### Work request
Give again, exactly and without pictures, the lines running from the line with "John Akomfrah, Vertigo" to the end of the records below.

START Data under study

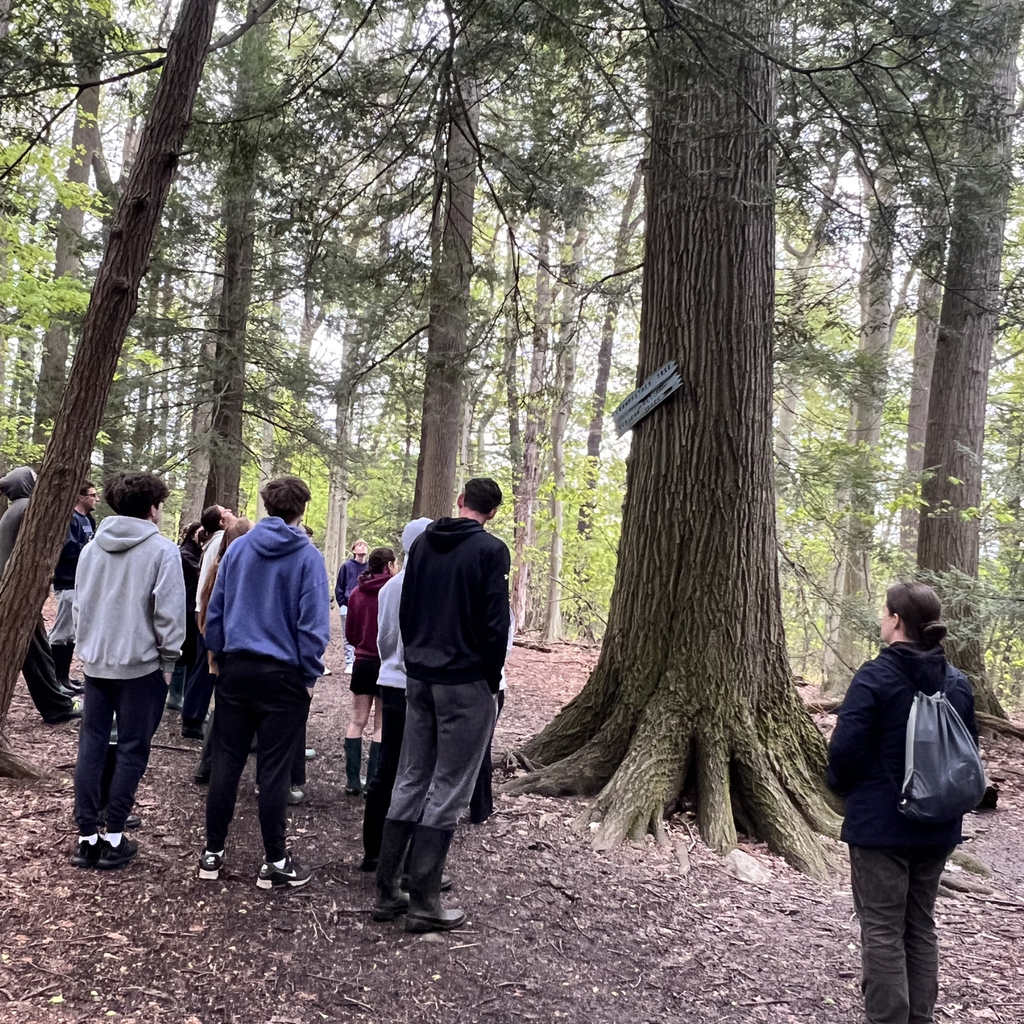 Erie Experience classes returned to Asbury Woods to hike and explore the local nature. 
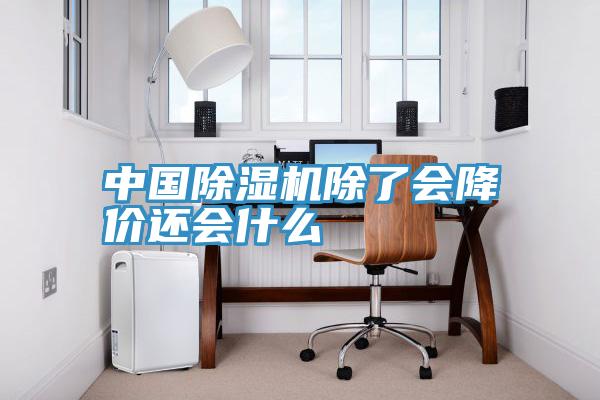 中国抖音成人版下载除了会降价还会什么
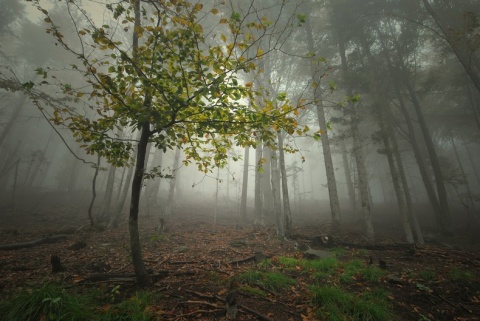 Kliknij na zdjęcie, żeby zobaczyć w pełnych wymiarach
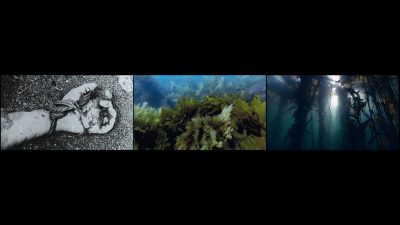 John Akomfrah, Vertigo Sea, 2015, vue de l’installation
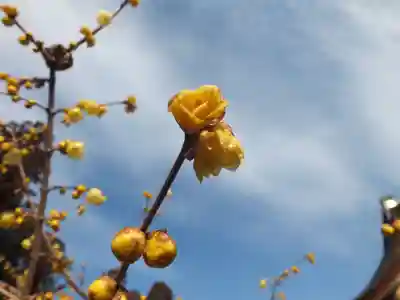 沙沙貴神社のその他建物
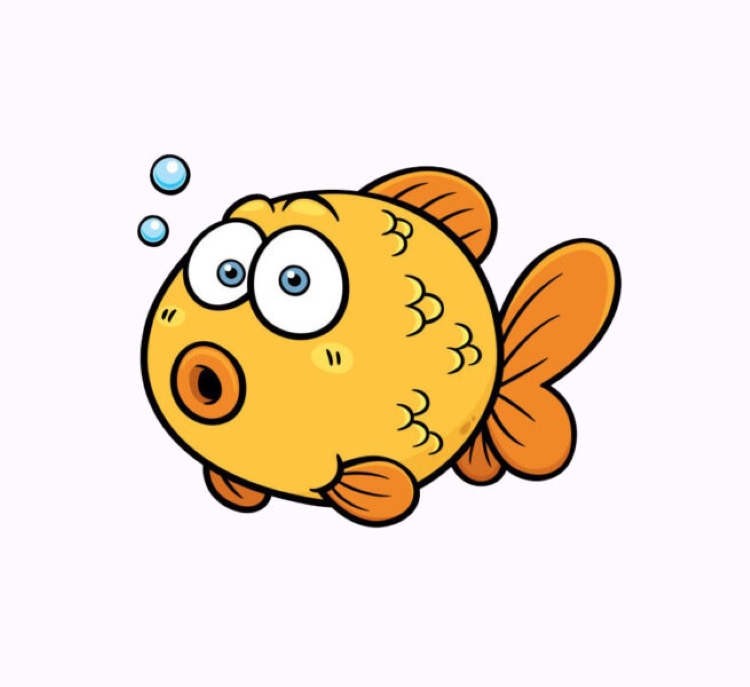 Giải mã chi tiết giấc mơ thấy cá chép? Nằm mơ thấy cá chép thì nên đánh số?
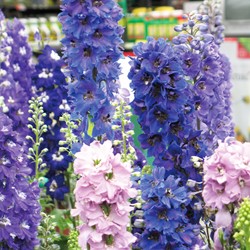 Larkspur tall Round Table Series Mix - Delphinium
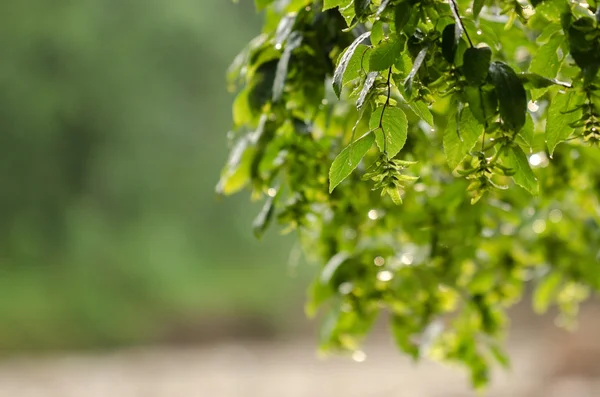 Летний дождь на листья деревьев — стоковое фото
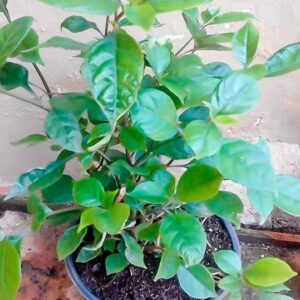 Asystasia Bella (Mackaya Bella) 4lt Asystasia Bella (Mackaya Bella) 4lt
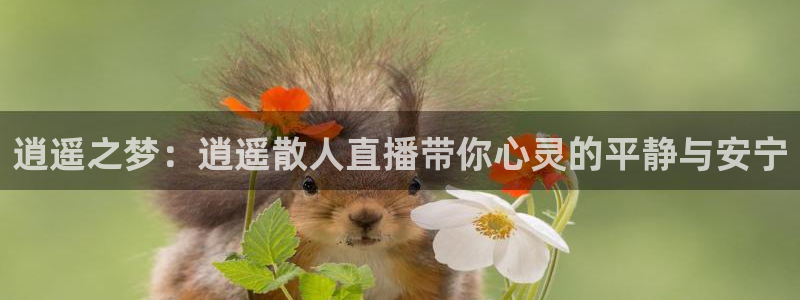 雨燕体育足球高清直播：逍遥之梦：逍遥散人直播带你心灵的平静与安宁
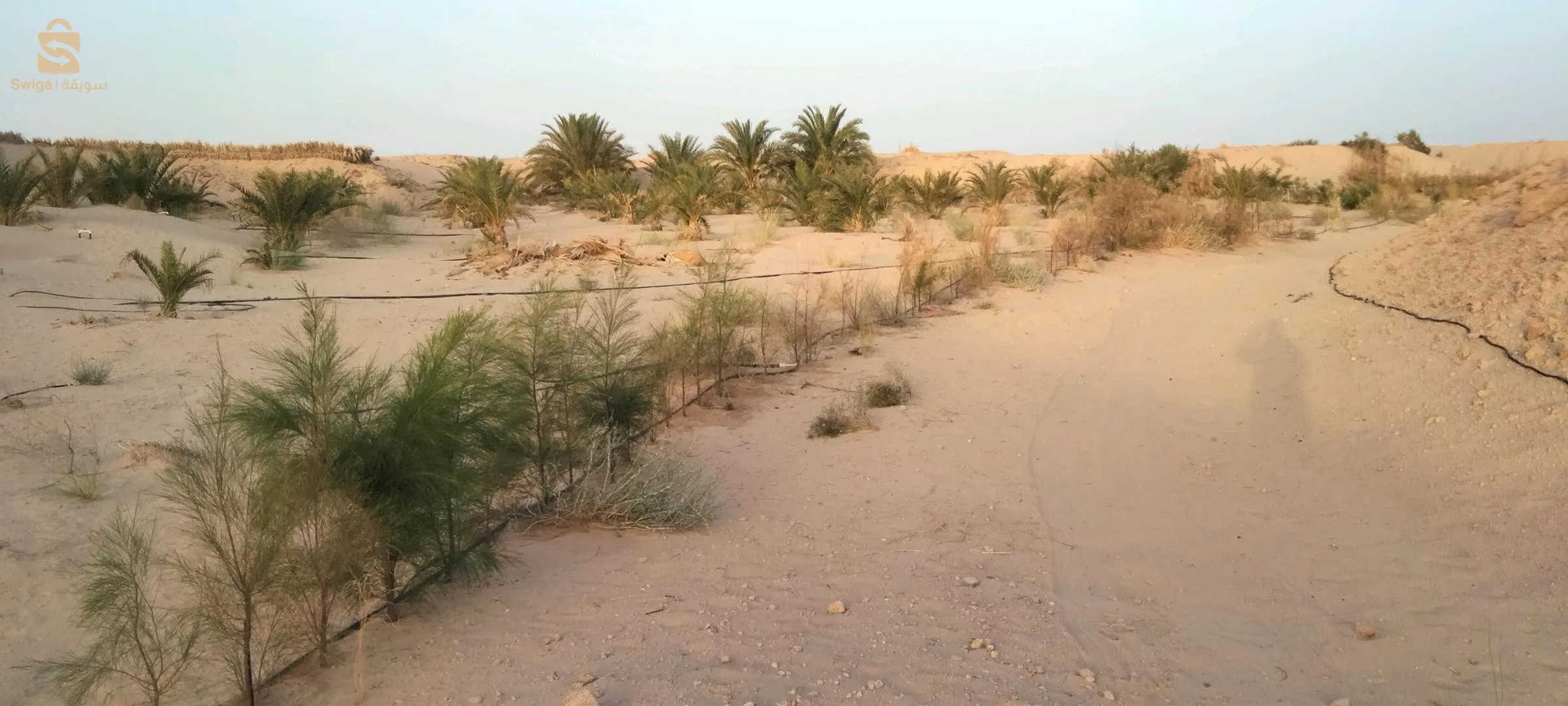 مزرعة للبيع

END Data under study

### Exercise output
 John Akomfrah, Vertigo Sea, 2015, vue de l’installation
 沙沙貴神社のその他建物
 Giải mã chi tiết giấc mơ thấy cá chép? Nằm mơ thấy cá chép thì nên đánh số?
 Larkspur tall Round Table Series Mix - Delphinium
 Летний дождь на листья деревьев — стоковое фото
 Asystasia Bella (Mackaya Bella) 4lt Asystasia Bella (Mackaya Bella) 4lt
 雨燕体育足球高清直播：逍遥之梦：逍遥散人直播带你心灵的平静与安宁
 مزرعة للبيع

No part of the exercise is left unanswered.